On Thursday, May 23, 2019 at 7:00:51 PM UTC-5, Lawrence Crowell wrote:
>
> On Thursday, May 23, 2019 at 6:08:11 PM UTC-5, Brent wrote:
>>
>>
>>
>> On 5/23/2019 3:37 PM, Lawrence Crowell wrote:
>>
>> The Torah, Tanach and to a degree as I understand the Christian New 
>> Testament are mythic narratives meant to bring meaning to various aspects 
>> of inner mental space or psychology.
>>
>>
>> I think you impute to much cleverness there.   A lot it is, or was, 
>> intended as real history providing both provenance and justification for 
>> whatever ethics was being pushed at the time.
>>
>> Brent
>>
>
> The writers of these narratives were rather clever. These are done in a 
> literary "shape-shifter" fashion so that they can be interpreted in a wide 
> range of ways. The book of Exodus, or Shemot (שְׁמוֹת) in Hebrew Shem = 
> name and Shemot is plural or means the list of names, has the children of 
> Israel leave Egypt (Mitzrayim) in the narrow place (Mezaryim), narrow in 
> one meaning because of the Nile. They are lead to the Red Sea where the 
> water is separated and crash, where red is symbolic of blood.
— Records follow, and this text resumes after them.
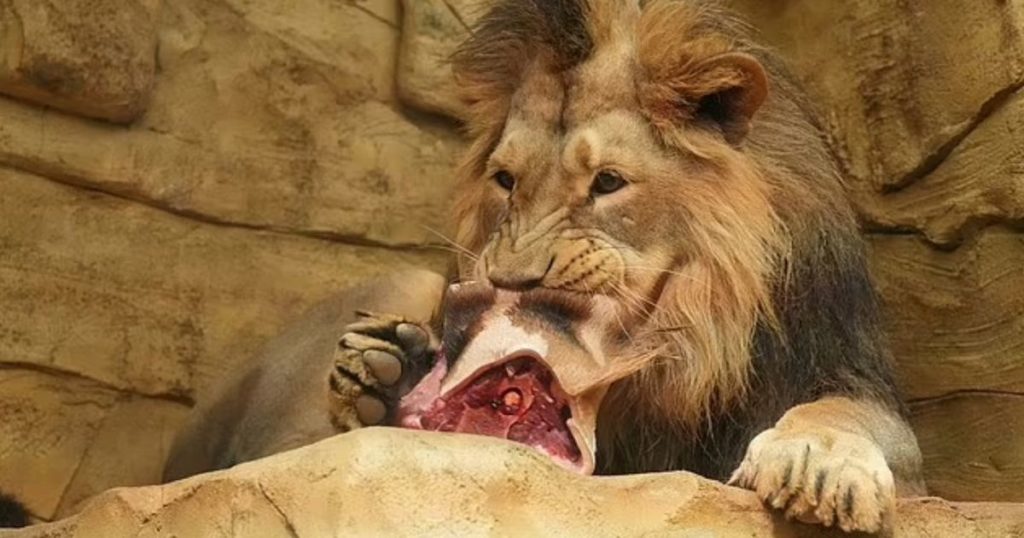 Lion eats a dead giraffe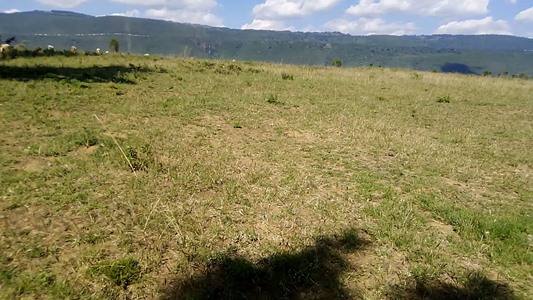 Plots Near Crasha (Rare)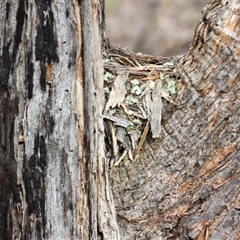 Eopsaltria australis at Denman Prospect, ACT - 27 Oct 2024 08:34 AM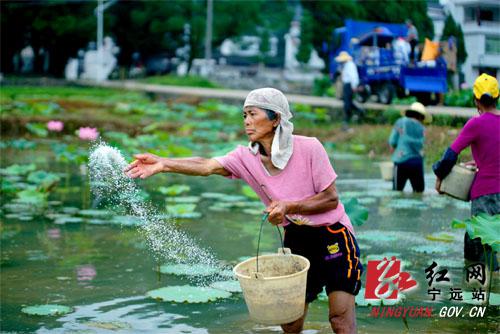 永州宁远：荷苗枝条展叶时
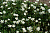 Лапчатка трехзубчатая, Potentilla tridentata "Nuuk", белый, h30 см, С1
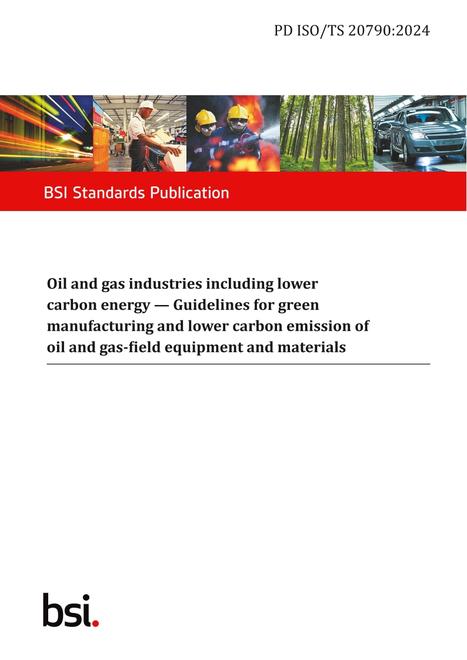 BS PD ISO/TS 20790:2024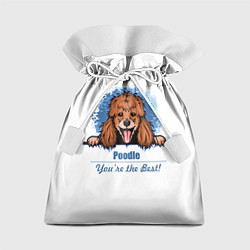 Мешок для подарков Собака Пудель Poodle, цвет: 3D-принт
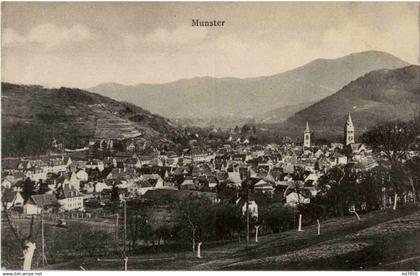 Munster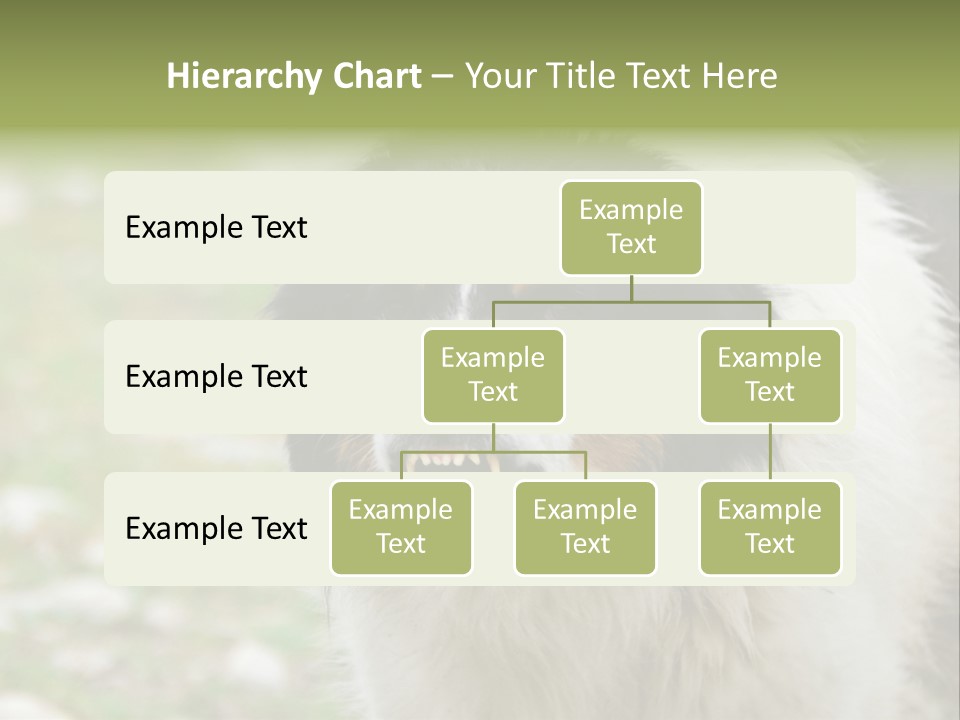 A Black And White Dog With His Mouth Open PowerPoint Template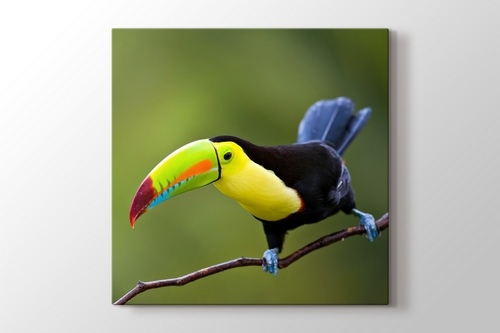 Keel Billed Toucan Central America görseli.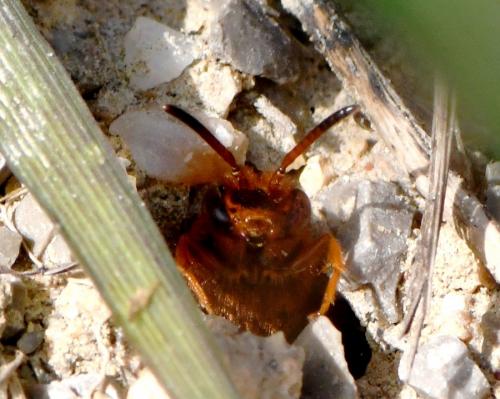 Réf. 247 508 : Nomada agrestis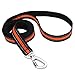 Dog Leash, Itery Reflective Dog Leash Pet Safety Walking and Trainning Leash 6 Feet Length 1 Inch Width (Orange)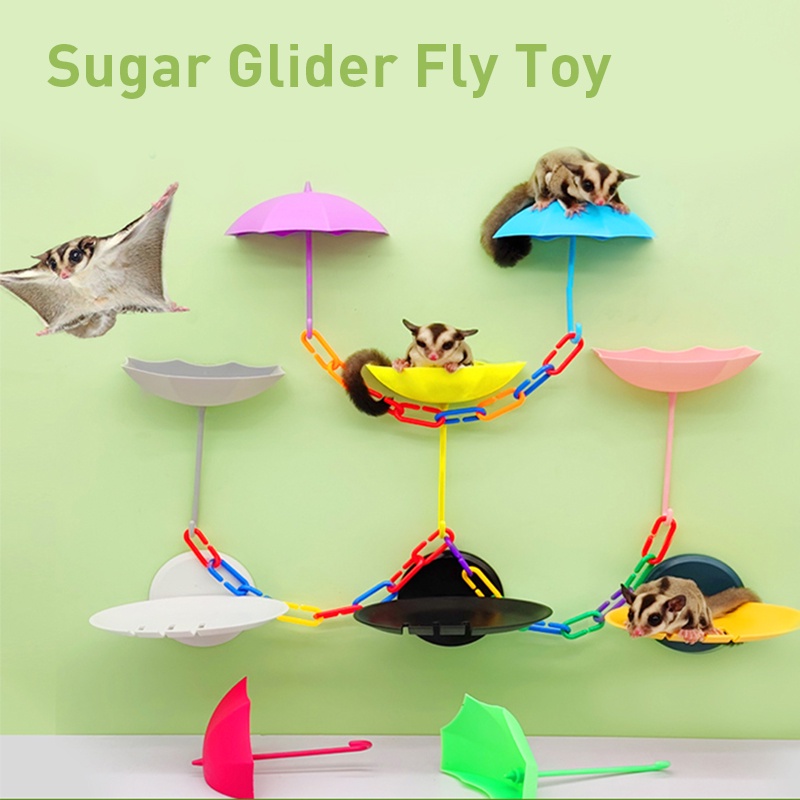 Sugar Gliders Toy Flying Toy Swing DIY Pet Sugar GlidersTraining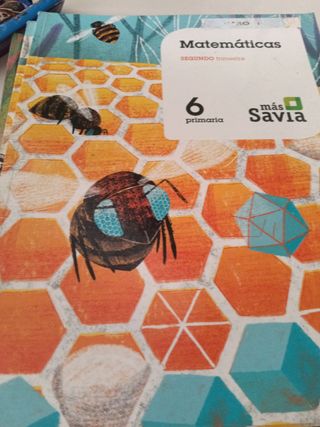 Ciencias Sociales 6.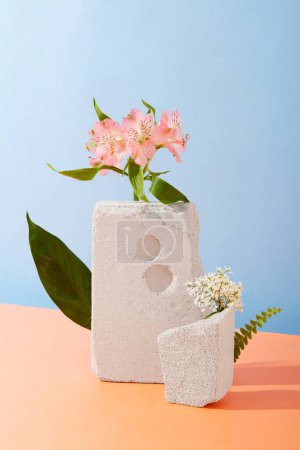 Téléchargez les photos : Fleur fraîche posée sur un bloc de pierre blanche sur fond pastel. Scène minimale pour la publicité, l'affichage des produits et l'espace pour le texte. Fleurs fraîches aident à améliorer l'humeur. - en image libre de droit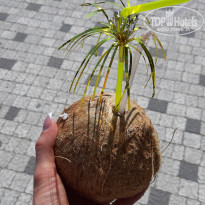 фото из отзыва ID 2145116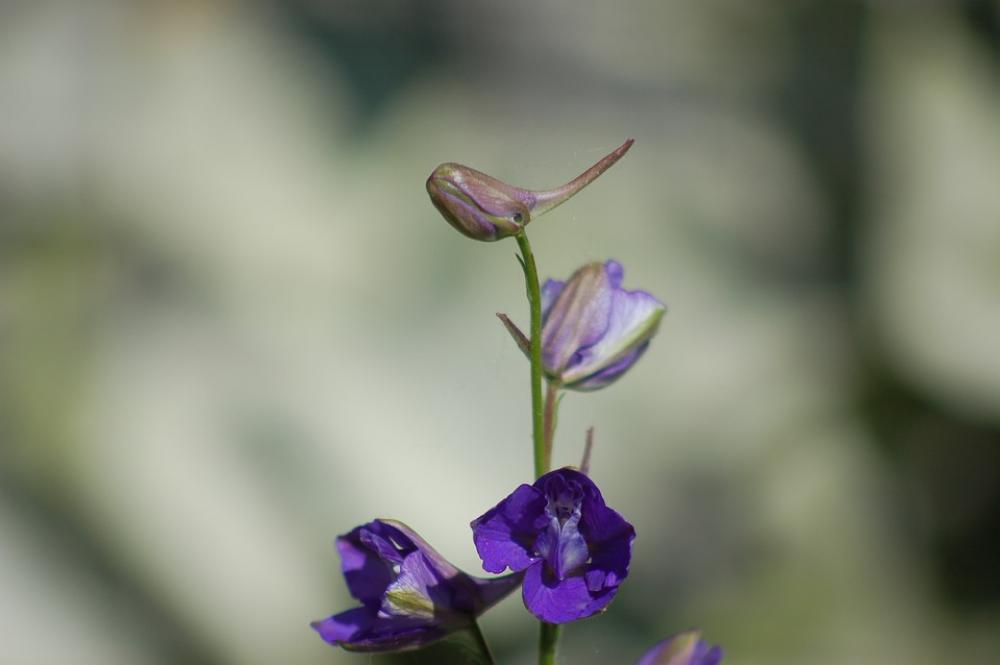 Flowers Bloom Petals Botany Floral Spring Flowers Bloom Petals Botany Floral Spring
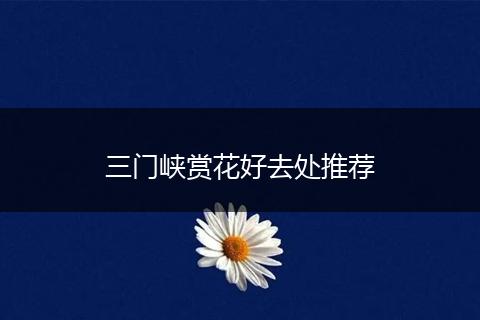 三门峡赏花好去处推荐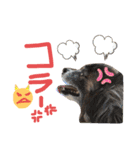 ミルキー三昧〜リターンズ〜（個別スタンプ：20）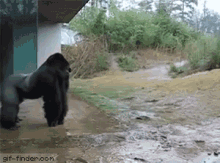 Gorilla Monkey GIF - Gorilla Monkey Rain GIFs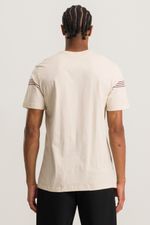 CAMISA BÁSICA ADULTO SIENA 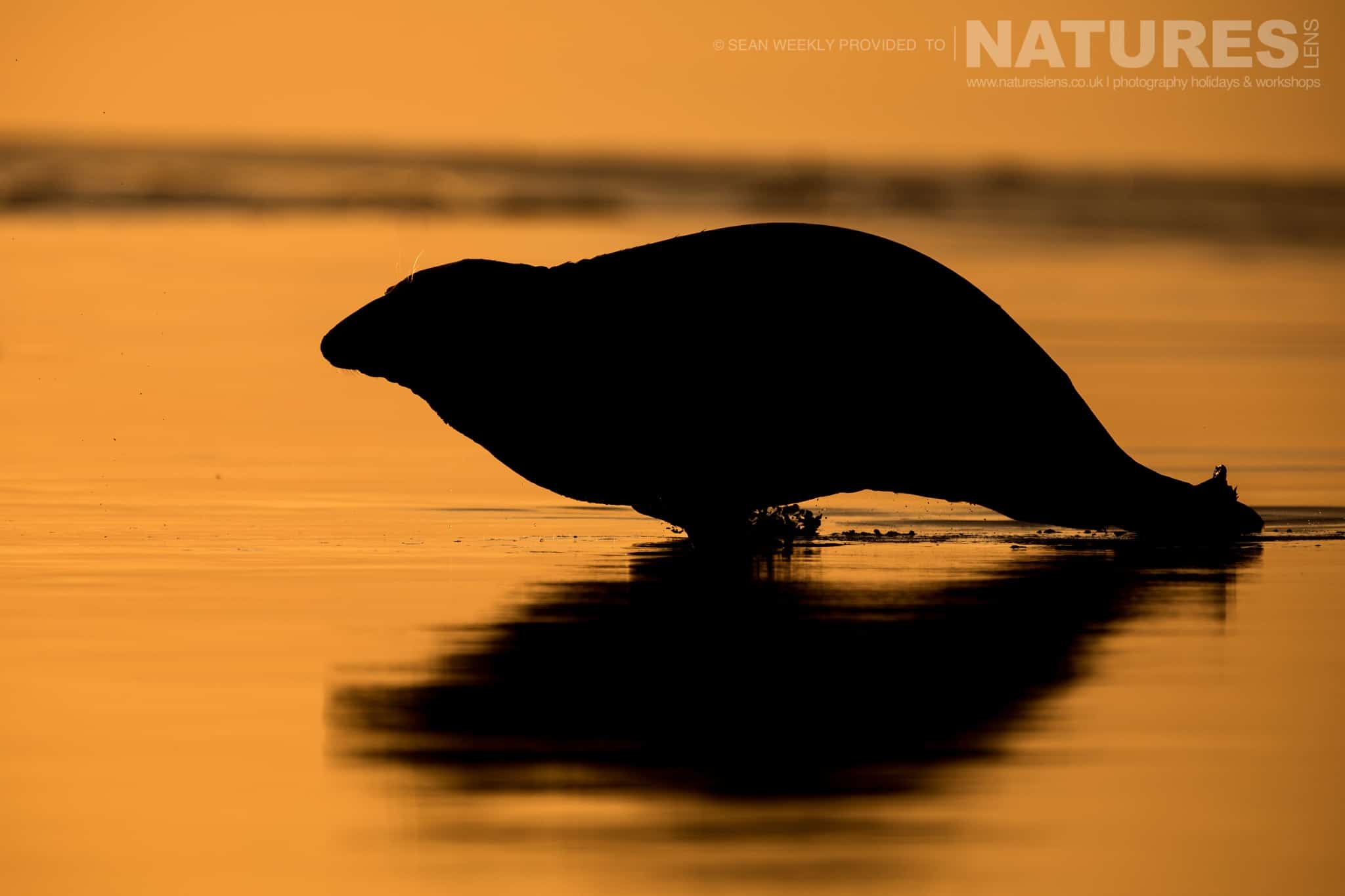 One of the seal moves at speed across the shallow waters at sunrise photographed on the Seals of Lincolnshire Photography Holiday run by NaturesLens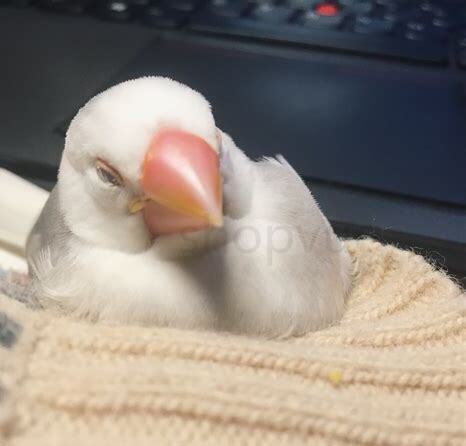 文鸟怎么训练上手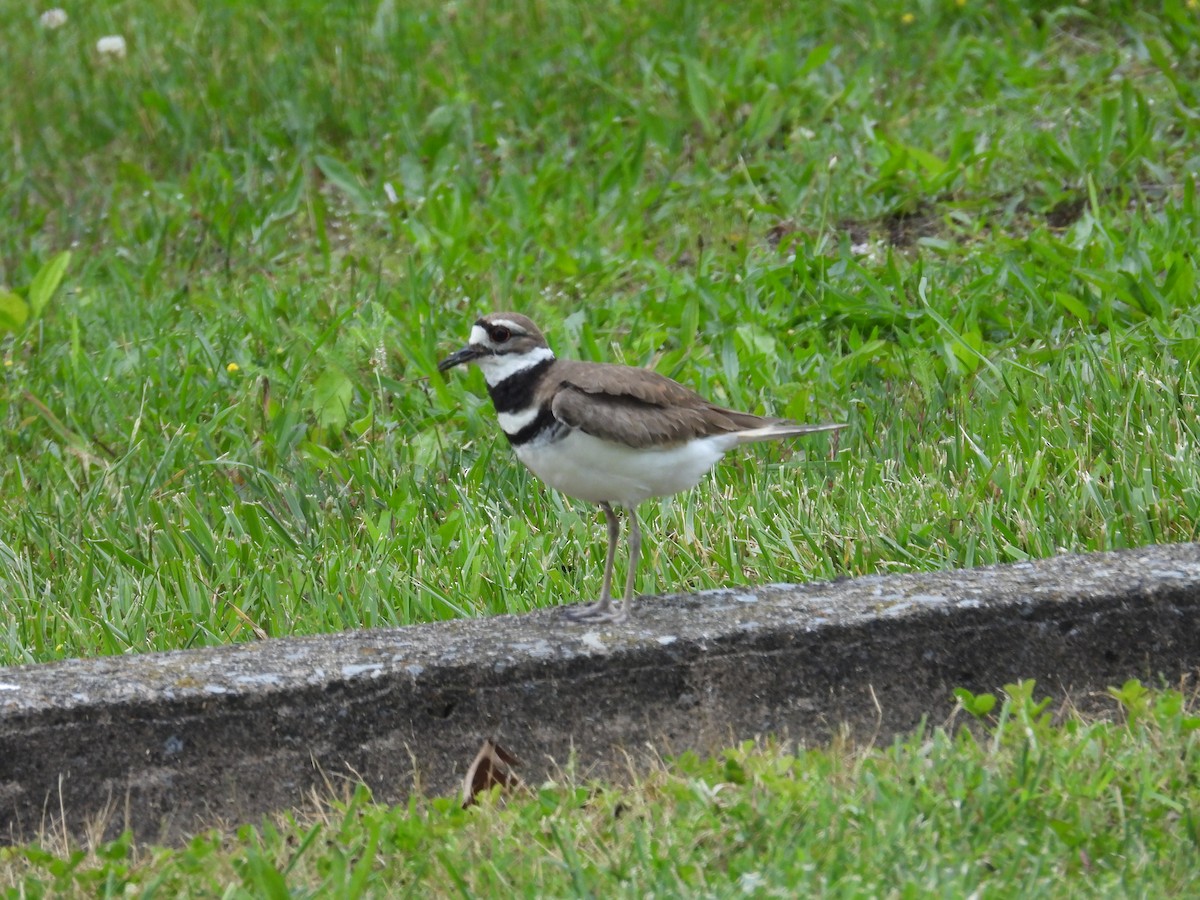 Killdeer - Tracy Mosebey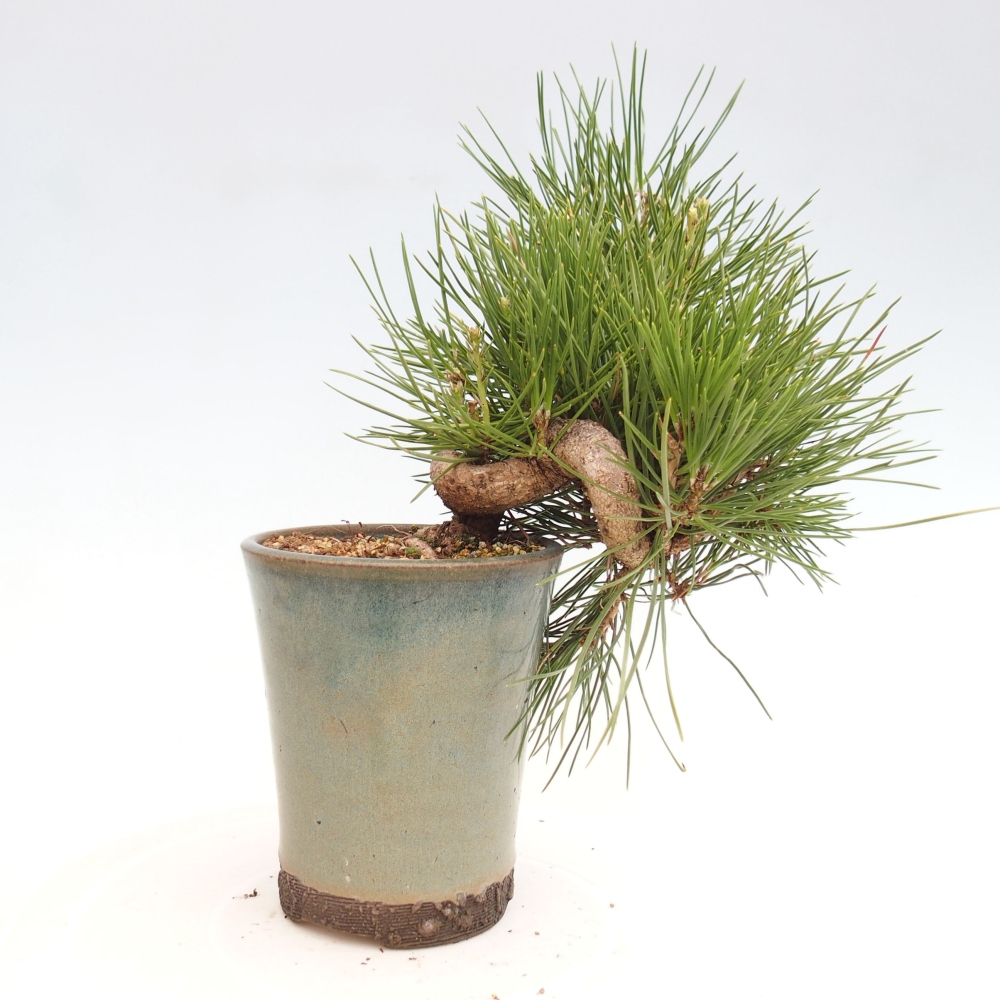 Venkovní bonsai - Pinus thunbergii - Borovice thunbergova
Also remember 
> one of the plagues on Egypt was the Nile turned to blood. This is a birth 
> motif, and certainly one message is this is a metaphor for the birth of 
> Israel. The Torah is packed full of this sort of thing, and it involves a 
> lot of word play. 
>
> This is not to say there are not literal meanings as well, which in 
> different ages are rather different. The American conservative Protestant 
> idea about Christianity is a peculiar redaction on the whole meaning. I 
> can't say about the Koran and what Islamic scholars think. It is not a 
> subject I have delved into, nor am I ever likely to. Samiya has posted some 
> curious stuff that equates Koranic passages with meaning about atoms and at 
> one time if I recall about the Higgs boson. So the writers there were 
> clever enough to make the narratives and poetry shift metaphors and 
> retranslate meaning into different forms as the world learns and matures. 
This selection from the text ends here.